Die «Filmwochenschau» berichtete darüber, wie tapfere Männer auf Wetterschiffen im stürmischen Nordatlantik für die Sicherheit von Flugpassagieren sorgten.

So wurde in den 1950er-Jahren der Flugverkehr gesichert. (Video: Tamedia/Cinémathèque suisse & Schweizerisches Bundesarchiv)

Die «Filmwochenschau» berichtete vor 60 Jahren darüber, wie «die Besatzung die sorgsam betreuten Reisenden sicher über die gewaltige Wasserwüste» bringen konnte: Fliegt ein Flugzeug von Europa nach Nordamerika, ist es nie ganz alleine.
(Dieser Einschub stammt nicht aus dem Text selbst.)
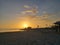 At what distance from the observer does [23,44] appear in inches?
497

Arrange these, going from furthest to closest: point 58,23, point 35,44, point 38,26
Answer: point 38,26
point 58,23
point 35,44

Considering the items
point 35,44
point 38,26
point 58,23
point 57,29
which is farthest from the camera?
point 38,26

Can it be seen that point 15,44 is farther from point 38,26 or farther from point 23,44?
point 38,26

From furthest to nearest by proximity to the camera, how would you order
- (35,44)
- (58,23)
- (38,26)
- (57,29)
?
(38,26) → (57,29) → (58,23) → (35,44)

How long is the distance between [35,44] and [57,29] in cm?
2398

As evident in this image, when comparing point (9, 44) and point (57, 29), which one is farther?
point (57, 29)

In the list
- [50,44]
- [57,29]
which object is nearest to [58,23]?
[57,29]

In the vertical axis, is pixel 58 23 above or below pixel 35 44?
above

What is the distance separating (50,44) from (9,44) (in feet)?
11.9

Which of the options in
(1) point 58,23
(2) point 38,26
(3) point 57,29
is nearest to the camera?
(1) point 58,23

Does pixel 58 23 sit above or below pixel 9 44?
above

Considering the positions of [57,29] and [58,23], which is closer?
[58,23]

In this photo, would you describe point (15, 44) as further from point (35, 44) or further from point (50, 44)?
Answer: point (50, 44)

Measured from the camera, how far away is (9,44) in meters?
12.7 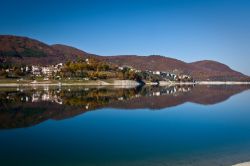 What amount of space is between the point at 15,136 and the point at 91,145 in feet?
18.2

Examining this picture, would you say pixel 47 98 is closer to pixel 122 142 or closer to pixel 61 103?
pixel 61 103

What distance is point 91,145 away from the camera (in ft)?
62.7

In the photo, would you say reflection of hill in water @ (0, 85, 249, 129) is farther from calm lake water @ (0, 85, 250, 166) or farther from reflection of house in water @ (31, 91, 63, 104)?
Answer: calm lake water @ (0, 85, 250, 166)

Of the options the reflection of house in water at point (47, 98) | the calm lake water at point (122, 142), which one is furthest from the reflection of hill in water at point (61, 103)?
the calm lake water at point (122, 142)

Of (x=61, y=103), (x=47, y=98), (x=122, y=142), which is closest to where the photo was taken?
(x=122, y=142)

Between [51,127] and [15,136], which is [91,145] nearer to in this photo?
[15,136]

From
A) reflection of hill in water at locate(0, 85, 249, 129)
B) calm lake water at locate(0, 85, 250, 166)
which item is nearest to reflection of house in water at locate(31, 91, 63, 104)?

Unter ihm kreuzen 25 Wetterschiffe auf dem Meer und sorgen für die Sicherheit der Luftreisenden. Die Schweiz beteiligt sich seit dem Herbst 1955 an den Kosten des Flugsicherungsdienstes im Nordatlantik. Dafür wendet sie jährlich 900‘000 Franken auf. Die Summe mag hoch erscheinen, dürfte aber gerechtfertigt sein, wie die «Neue Zürcher Zeitung» im Mai 1955 schreibt.

«Als Einwohner eines Binnenlandes mag es uns vielleicht zuerst merkwürdig berühren, dass wir uns verpflichten sollen, jedes Jahr eine nicht unbeträchtliche Summe an den Unterhalt von Wetterstationen auf dem Atlantik zu bezahlen. Dazu ist zu bemerken, dass die Schweiz durch die Leistungen der Swissair, die seit diesem Jahr täglich nach New York fliegt, in mancher Hinsicht aufgehört hat, ein Binnenland zu sein, und dass die Beiträge, die man von der Schweiz billigerweise für den Unterhalt eines gut eingespielten Flugsicherungsdienstes erwartet, gerecht berechnet sind», so die NZZ.